DSV – nothing more than a bucket shop?

DSV – nothing more than a bucket shop?

The U.S. Supreme Court defines a bucket shop as “an establishment, nominally for the transaction of a stock exchange business, or business of similar character, but really for the registration of bets, or wagers, usually for small amounts, on the rise or fall of the prices of stocks, grain, oil, etc., there being no transfer or delivery of the stock or commodities nominally dealt in.” This sounds very similar to what can be found on the Augur prediction markets platform, where users can place wagers on everything from assassinations to World Cup events. They can also bet on the state of securities and commodity prices, which might not sit well with regulators per the Supreme Court’s position.

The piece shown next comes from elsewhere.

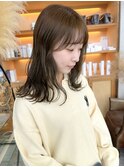 オリーブベージュ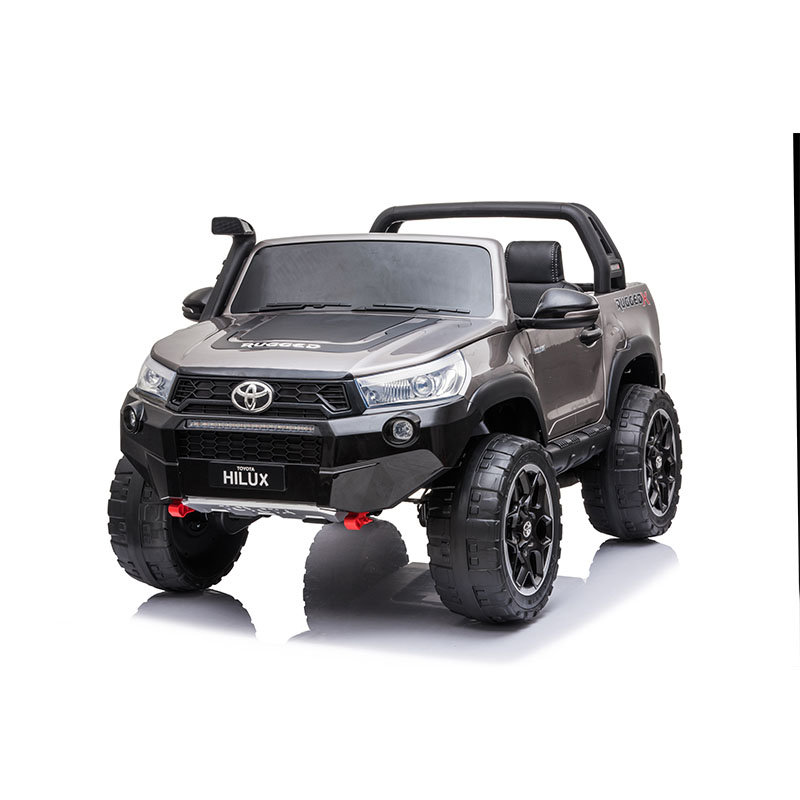 12 V-os távirányítós autó gyerekeknek, autóval ülve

The same concern is being raised over the OP_CHECKDATASIG, or DSV, op_code for Bitcoin BCH. The opcode allows for the integration of a third-party oracle—one that exists outside of the blockchain—that can publish prices for use in wagers of any type, including on the movement of Bitcoin BCH. By virtue of being an experiment in gambling against a cryptocurrency, this could ultimately prove to be a loser with financial regulators.

Several high-profile individuals in the Bitcoin BCH community, including Bitmain founder and CEO Jihan Wu and Bitcoin.com’s Roger Ver, support the integration of new tools on the blockchain in the upcoming upgrade scheduled for a week from now. Among these is DSV, which leads many to wonder what they’re hoping to achieve. If DSV is developed as intended and the Bitcoin BCH turns into a free-for-all gambling platform, this will not sit well with regulators and could ultimately lead to the demise of the cryptocurrency.

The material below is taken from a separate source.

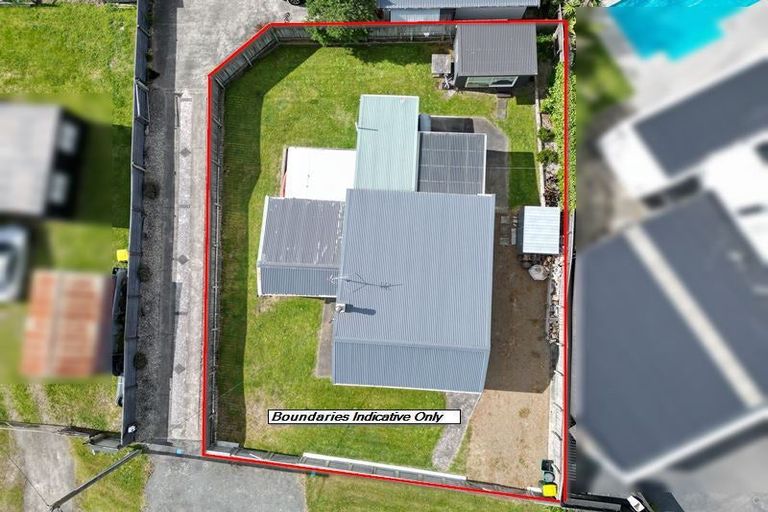 Photo of property in 13 Barber Street, Foxton Beach, Foxton, 4815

DSV also has another dangerous characteristic. It would enable the network to be halted. This means that Bitcoin BCH would no longer be available on exchanges, it couldn’t be traded through wallets and it would stop being useful as a currency.

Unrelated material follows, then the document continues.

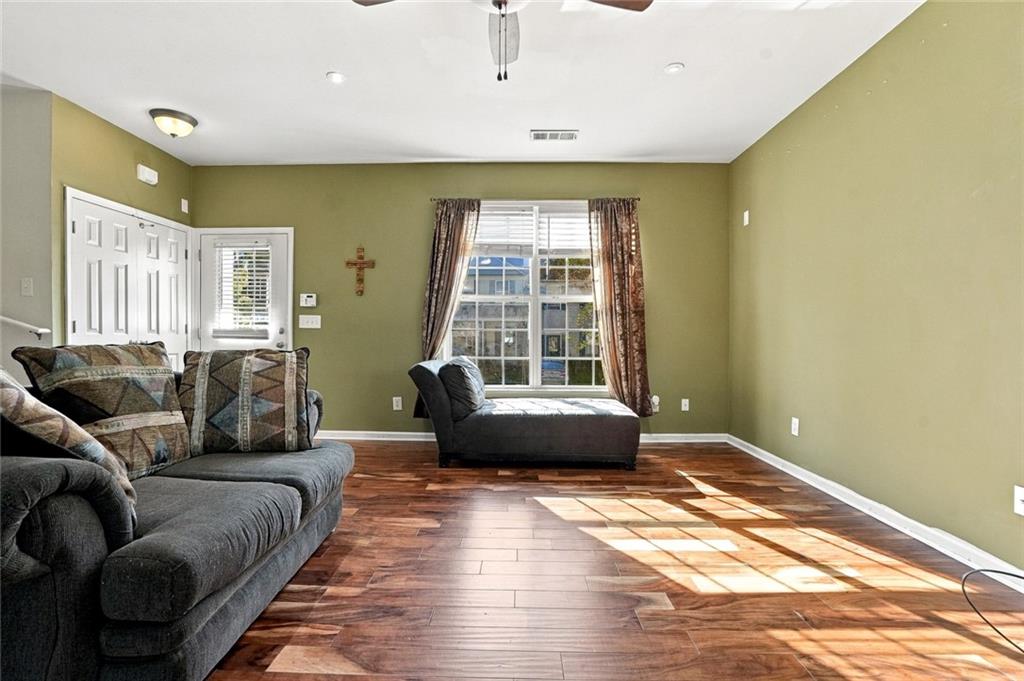 1041 Prestwyck Court Alpharetta GA 30004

The Commodity Futures Trading Commission (CFTC) has already started to take a closer look at Augur and believes that it could be operating in violation of the Commodity Exchange Act in that the platform is not a designated contract market. While Augur has tried to distance itself from being seen as a prediction market, it obviously realizes that there’s a connection. It even has a wager listed on the site, “Will the Forecast Foundation face an enforcement action from the SEC or CFTC before Dec. 21, 2018 for hosting unregulated derivatives markets?” The Forecast Foundation is the group behind Augur’s protocol.

If the CFTC is willing to go after Augur for not being a registered contract market, what is to stop it, or any other regulatory body, from doing the same to Bitcoin BCH?